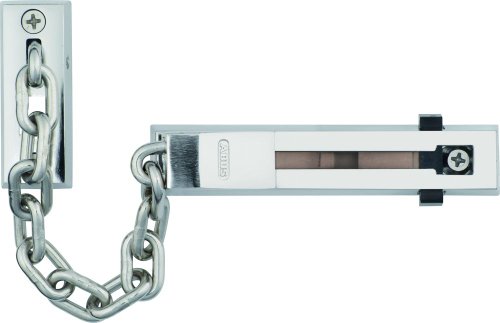 ABUS Türkette SK66 für Haustür und Wohnungstür – Sicherheitskette mit Kindersicherung geeignet...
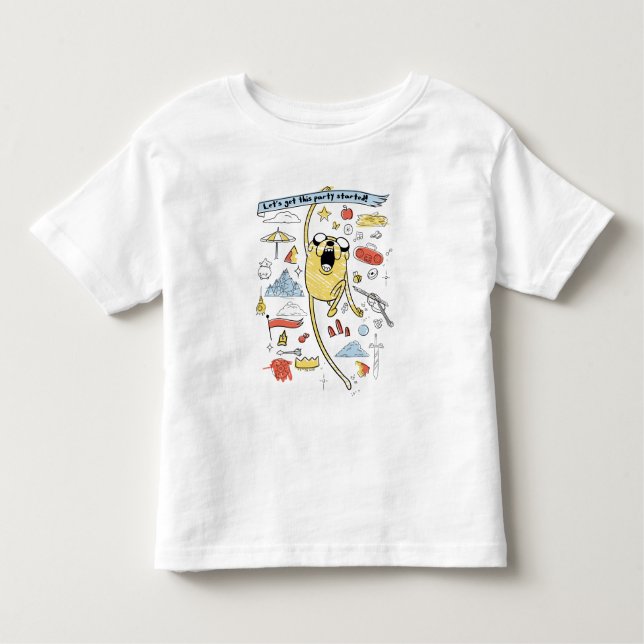 Tempo de Aventura | Camiseta Jake Sketch (Frente)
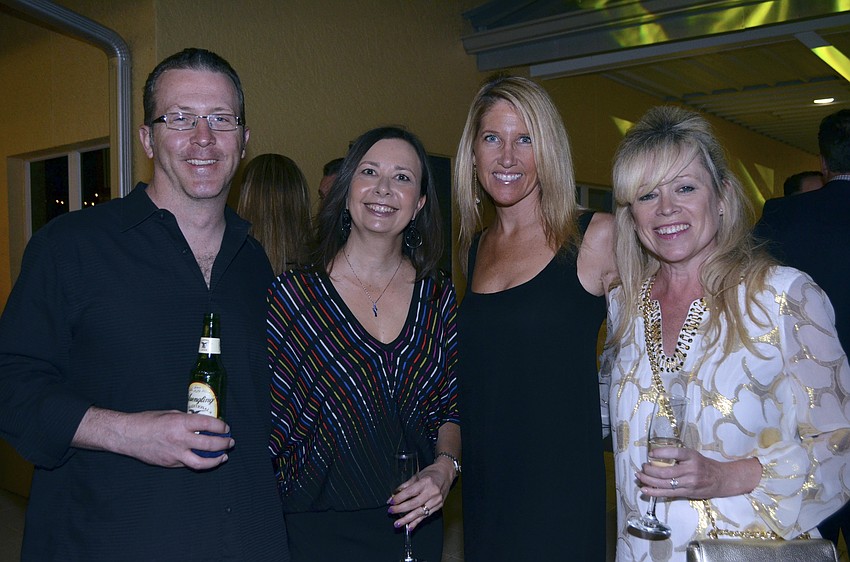 Jake and Nicole Birmingham, Michele Vandendooren and Corinne Knibbs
************
Set down exactly, line for line, the data from the line that contains "Tempo de Aventura" through its last line, keeping pictures out.

 Tempo de Aventura | Camiseta Jake Sketch (Frente)
 Jake and Nicole Birmingham, Michele Vandendooren and Corinne Knibbs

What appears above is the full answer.